[Directions]:
Each line of the records below needs repeating exactly. Skip the pictures.

Pictures with short captions:

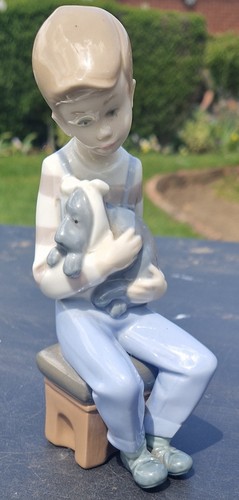 Lladro nao boy - sar, on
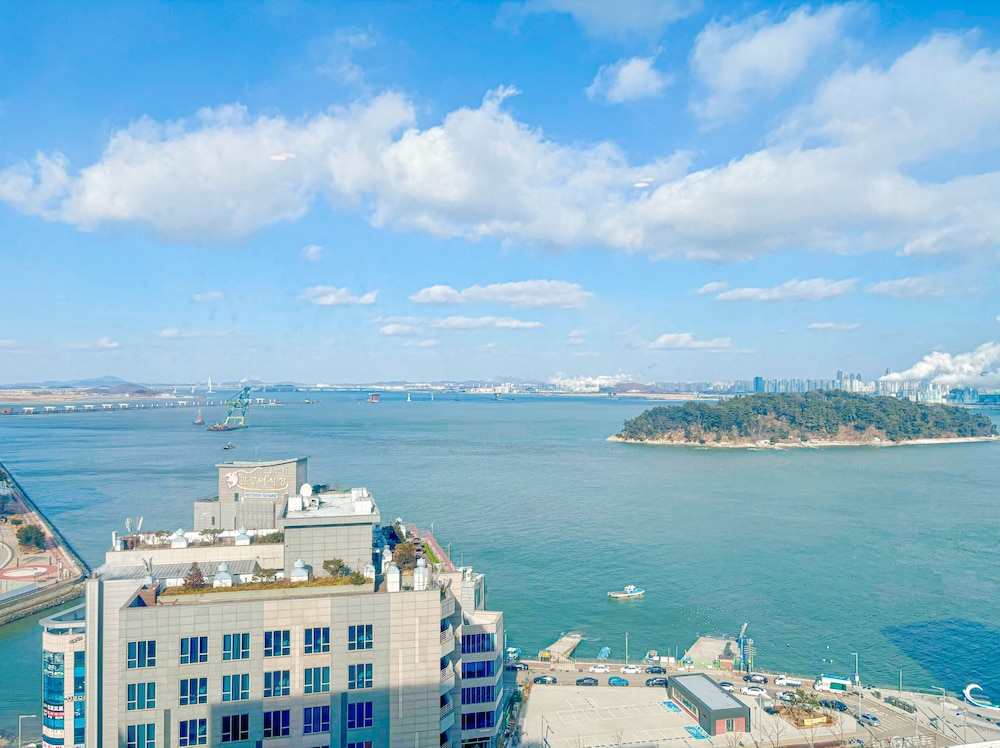 Standard Double Room, Harbor View - Photo 4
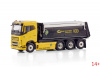 01-4603 Масштабная модель Самосвал VOLVO FH5 SLEEPER CAB ELECTRIC 8X4  в масштабе 1 50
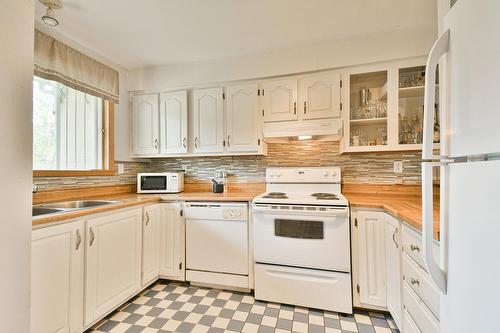 Cuisine - 102 Ch. Robitaille, Mont-Tremblant, QC - Indoor Photo Showing Kitchen With Double Sink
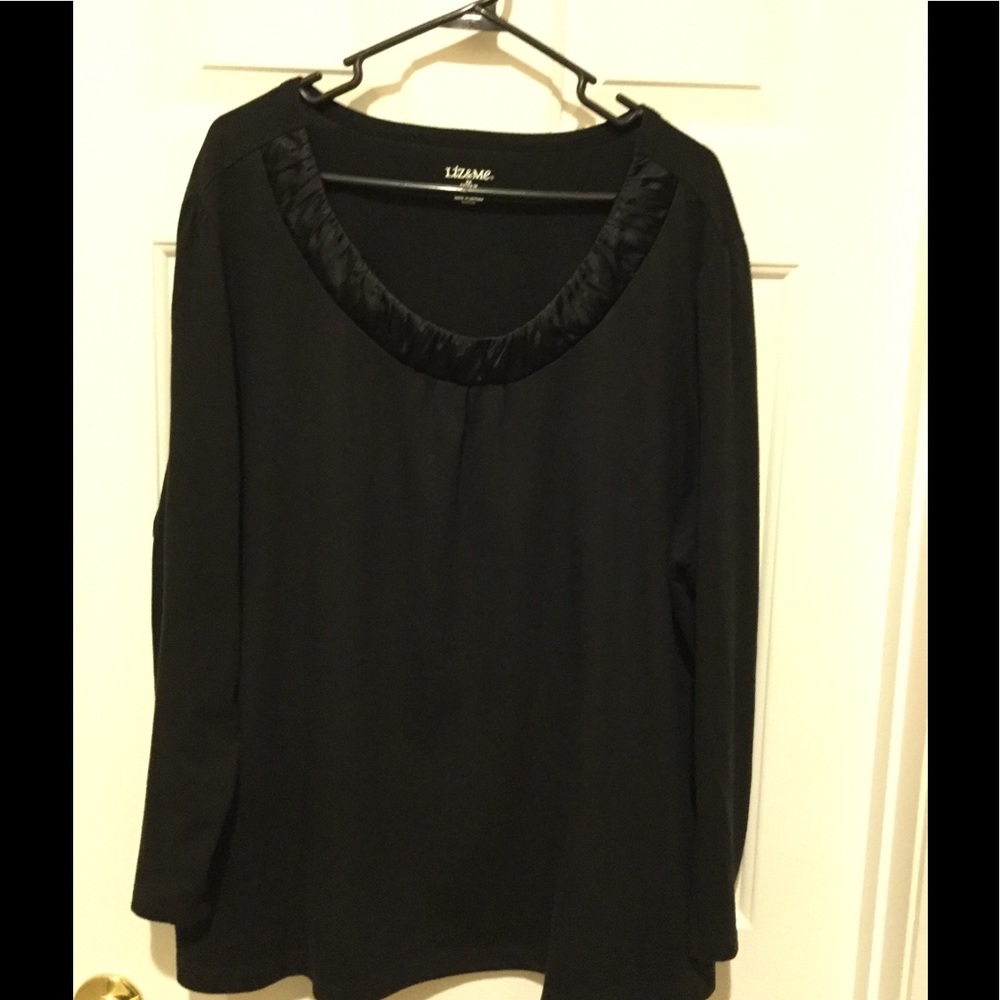 Long sleeve black top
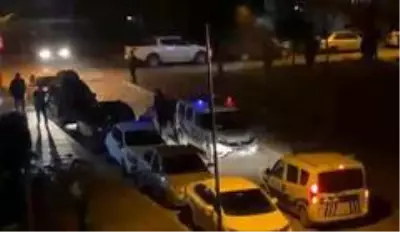 Son dakika haberleri... Kısıtlama saatlerinde sokakta tartıştılar 5 kişi gözaltına alındı Son dakika haberleri... Kısıtlama saatlerinde sokakta tartıştılar 5 kişi gözaltına alındı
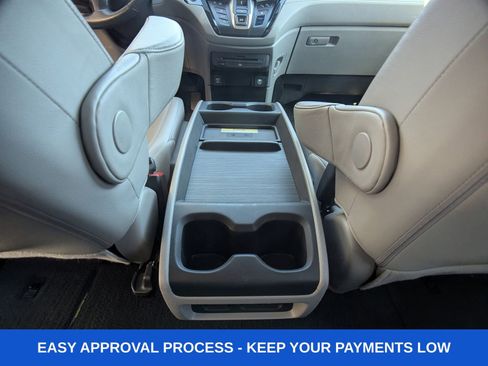 Used 2018 Honda Odyssey Elite image 18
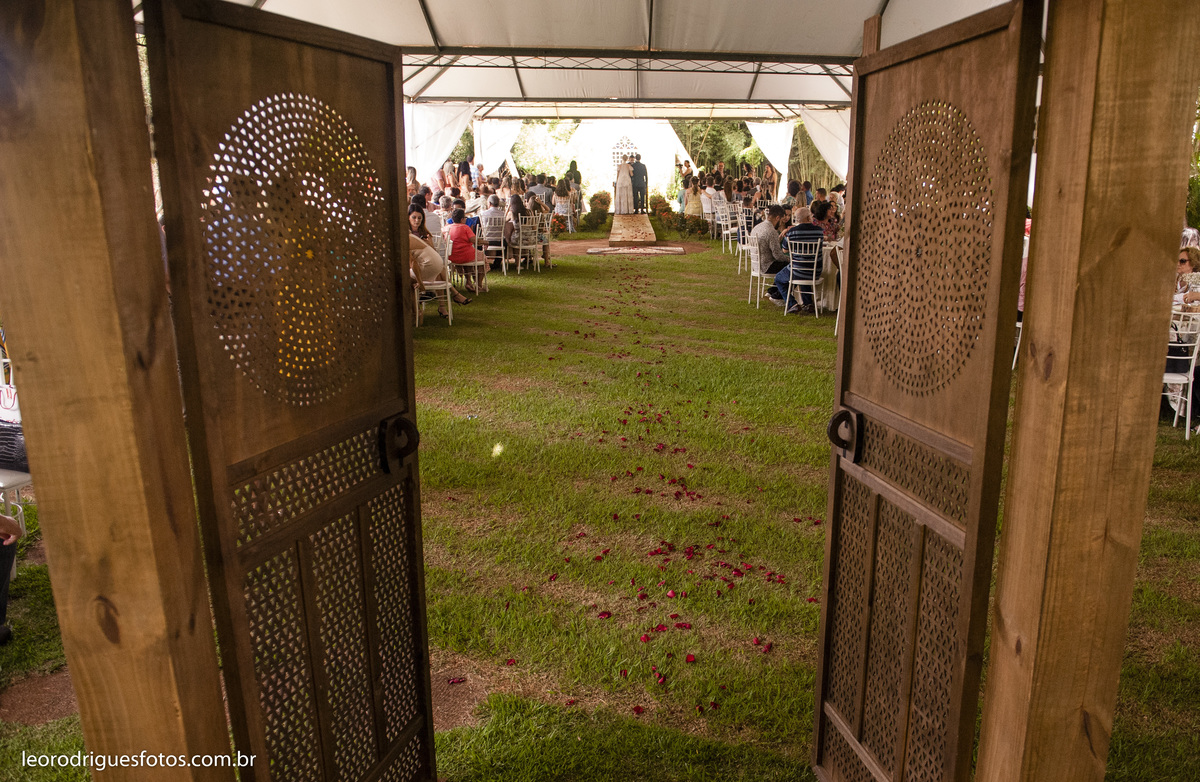 wedding, casamento, fotos de casamento, casamento ao ar livre, wedding em ar livre, noiva, noivo, terno do noivo, vestido da noiva, sapato da noiva, casanento em chácara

[Exercise solution]:
 Lladro nao boy - sar, on
 Standard Double Room, Harbor View - Photo 4
 01-4603 Масштабная модель Самосвал VOLVO FH5 SLEEPER CAB ELECTRIC 8X4  в масштабе 1 50
 Cuisine - 102 Ch. Robitaille, Mont-Tremblant, QC - Indoor Photo Showing Kitchen With Double Sink
 Long sleeve black top
 Son dakika haberleri... Kısıtlama saatlerinde sokakta tartıştılar 5 kişi gözaltına alındı Son dakika haberleri... Kısıtlama saatlerinde sokakta tartıştılar 5 kişi gözaltına alındı
 Used 2018 Honda Odyssey Elite image 18
 wedding, casamento, fotos de casamento, casamento ao ar livre, wedding em ar livre, noiva, noivo, terno do noivo, vestido da noiva, sapato da noiva, casanento em chácara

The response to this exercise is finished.